Trying to scrap my lifting Evernote page
This is my first coding project in a while. The main goal of this project to scrap the data from my Evernote and turn it into stats.
. As you can see on this image its mainly with a emojis to track my progress. As the note has a regularly structure it should not be too complex. So first we want to get a file to where we can use python to extract the information.
As the other image shows you there are many options to export a note from Evernote. The option went with was the single HTML page. Evernote has their own custom XML format called enex. This file format allows users to import notes back into Evernote. But trying to decipher this new markup language I thought will lead to extra work on my hands. Especially if I’m going to use tools to are not custom designed for it.

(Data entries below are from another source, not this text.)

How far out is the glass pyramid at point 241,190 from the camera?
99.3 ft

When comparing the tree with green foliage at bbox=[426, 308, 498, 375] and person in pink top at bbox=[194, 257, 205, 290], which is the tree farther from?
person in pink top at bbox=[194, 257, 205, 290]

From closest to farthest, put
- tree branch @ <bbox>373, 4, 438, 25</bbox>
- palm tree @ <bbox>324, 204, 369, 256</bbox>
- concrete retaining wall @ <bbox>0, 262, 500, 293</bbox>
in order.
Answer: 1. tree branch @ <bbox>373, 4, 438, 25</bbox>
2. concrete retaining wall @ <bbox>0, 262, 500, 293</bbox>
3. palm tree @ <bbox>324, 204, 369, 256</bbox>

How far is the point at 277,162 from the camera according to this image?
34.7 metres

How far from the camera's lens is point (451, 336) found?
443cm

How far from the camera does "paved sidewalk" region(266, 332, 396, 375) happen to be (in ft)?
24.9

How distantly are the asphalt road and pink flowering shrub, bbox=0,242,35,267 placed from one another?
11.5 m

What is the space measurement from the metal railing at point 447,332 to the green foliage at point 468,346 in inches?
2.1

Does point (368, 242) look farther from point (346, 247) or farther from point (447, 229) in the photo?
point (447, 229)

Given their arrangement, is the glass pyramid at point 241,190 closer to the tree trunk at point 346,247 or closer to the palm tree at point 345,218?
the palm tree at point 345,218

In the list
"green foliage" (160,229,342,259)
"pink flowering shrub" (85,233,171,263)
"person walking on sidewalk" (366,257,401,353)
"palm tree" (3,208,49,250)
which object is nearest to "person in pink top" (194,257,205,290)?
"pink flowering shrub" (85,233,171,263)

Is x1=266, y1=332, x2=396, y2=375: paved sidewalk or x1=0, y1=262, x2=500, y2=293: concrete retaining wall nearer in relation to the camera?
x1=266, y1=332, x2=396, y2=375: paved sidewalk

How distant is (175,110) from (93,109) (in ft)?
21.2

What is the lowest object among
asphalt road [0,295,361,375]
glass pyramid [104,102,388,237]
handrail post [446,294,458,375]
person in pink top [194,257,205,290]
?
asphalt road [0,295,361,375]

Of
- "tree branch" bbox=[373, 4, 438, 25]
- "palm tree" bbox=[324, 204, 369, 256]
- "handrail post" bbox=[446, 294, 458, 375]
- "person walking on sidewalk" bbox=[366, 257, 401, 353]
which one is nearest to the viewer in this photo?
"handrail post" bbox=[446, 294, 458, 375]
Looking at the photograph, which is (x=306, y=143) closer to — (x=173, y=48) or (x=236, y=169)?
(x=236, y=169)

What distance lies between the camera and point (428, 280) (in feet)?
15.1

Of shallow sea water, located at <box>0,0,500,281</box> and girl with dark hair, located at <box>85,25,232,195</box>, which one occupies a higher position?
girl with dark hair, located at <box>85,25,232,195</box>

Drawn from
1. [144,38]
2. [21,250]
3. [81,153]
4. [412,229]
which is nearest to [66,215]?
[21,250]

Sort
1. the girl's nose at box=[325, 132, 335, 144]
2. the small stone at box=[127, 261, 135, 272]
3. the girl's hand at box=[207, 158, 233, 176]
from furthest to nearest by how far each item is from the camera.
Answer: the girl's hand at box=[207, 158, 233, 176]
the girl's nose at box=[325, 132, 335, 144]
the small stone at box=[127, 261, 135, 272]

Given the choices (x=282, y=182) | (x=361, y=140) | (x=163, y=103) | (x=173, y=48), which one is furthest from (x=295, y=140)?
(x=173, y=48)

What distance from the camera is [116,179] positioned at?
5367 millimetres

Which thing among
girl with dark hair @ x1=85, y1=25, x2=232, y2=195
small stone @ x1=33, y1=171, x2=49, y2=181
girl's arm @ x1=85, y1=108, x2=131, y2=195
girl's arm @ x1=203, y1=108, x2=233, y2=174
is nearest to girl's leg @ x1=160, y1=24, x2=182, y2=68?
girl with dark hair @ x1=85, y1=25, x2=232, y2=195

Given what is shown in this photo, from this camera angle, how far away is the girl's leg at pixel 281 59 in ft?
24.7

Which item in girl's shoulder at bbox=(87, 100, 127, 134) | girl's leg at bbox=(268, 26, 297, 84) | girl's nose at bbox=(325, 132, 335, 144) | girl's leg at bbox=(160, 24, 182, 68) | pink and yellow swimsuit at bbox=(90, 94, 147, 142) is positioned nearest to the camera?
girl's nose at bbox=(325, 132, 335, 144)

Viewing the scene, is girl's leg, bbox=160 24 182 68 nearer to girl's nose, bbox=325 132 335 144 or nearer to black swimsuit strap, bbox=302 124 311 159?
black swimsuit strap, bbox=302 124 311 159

As this is a html file I’m dealing with I will using the standard web scraping tools mainly beautifulsoup. So decided to preview the html file. The results don’t look to bad. But a quick look at my text editor shows its not that simple.
As you can see the useful information of the note (Date and lifts) are clumped around one line. So scraping this will be not a lot more harder. This first thing I did was import beautifulSoup as this the library I will be using to extract the information from this file. Now to pass the file to the file to the BeautifulSoup parser function we will need to open with with python. Using this simple line file = open("Starting strength log.html", encoding="utf8").
Now we can pass this file to the parser like this soup = BeautifulSoup(file, "html.parser"). Now the beautifulsoup has the file parsed. We can now navigate and explore how we would scrape this file. print(soup.prettify()) will give us a good start as this prints the html as formatted Unicode sting with each tag on separate line making it easier to read.
From looking at the prettify results we can see that the useful bits of the note are within the body tag. And the content itself are within div tags down the hierarchy. Now we can use beautifulsoup to navigate this tree. I used the find() function to search within the body. soup.find("body")
Nice now the prompt prints information that its on the note. But the content is still a few levels down. As we will be using this section of the html tree can save the soup find as a variable. bodyhtml = soup.find("body"). Now we can use this variable navigate the different levels of the body tag.
As we can see the content we want are in other tags, mainly under the span tag. So we just simply just want state the tags we want to get under the parse tree. bodyhtml.div.span should do the trick.
Now we have zoomed in even more into the parse tree. We find that the other pieces of content are located on more lower levels. So, we need to explore the rest of the content on this level. Mainly this div level most of all the useful content a under a div tag of the same level. Scrolling down the prompt we can see the specific type of information we want.
Simply the date and the weights used on the lift. As the div tags are on the same level we want to navigate the parse tree sideways. We will attach the .next_sibling to the bodyhtml from earlier. So the command for the navigation would like this bodyhtml.div.span.div.next_sibling.
The prompt shows another div tag on the same level. But we want information further within note. Which are the dates and lifts. As they are on same level on the parse tree we could keep on attaching the .next_sibling commard but that is not practical due to the amount of siblings there are on the parse tree.
We can use the .next_siblings so we can iterate over the div tags in the parse tree. So we would make a loop to print the sibling. So it would look something like this
for sibling in bodyhtml.div.span.div.next_siblings:
print(sibling)
It has successfully printed the other sibling in the parse tree. So now we found out a successful way to see the lifts and the numbers in the note. But its too clear as we need to get rid of the non-useful html code like “</br>” and the first section note before the lifts. And later use that turn data into a array and a file so it can be read for data analyse.
To be honest this where I’m stuck right now, so the next article should be describing how to solve this issue. Right now im able to turn into a list:
But unwanted items needs to be removed and elements must be turned into strings or numbers.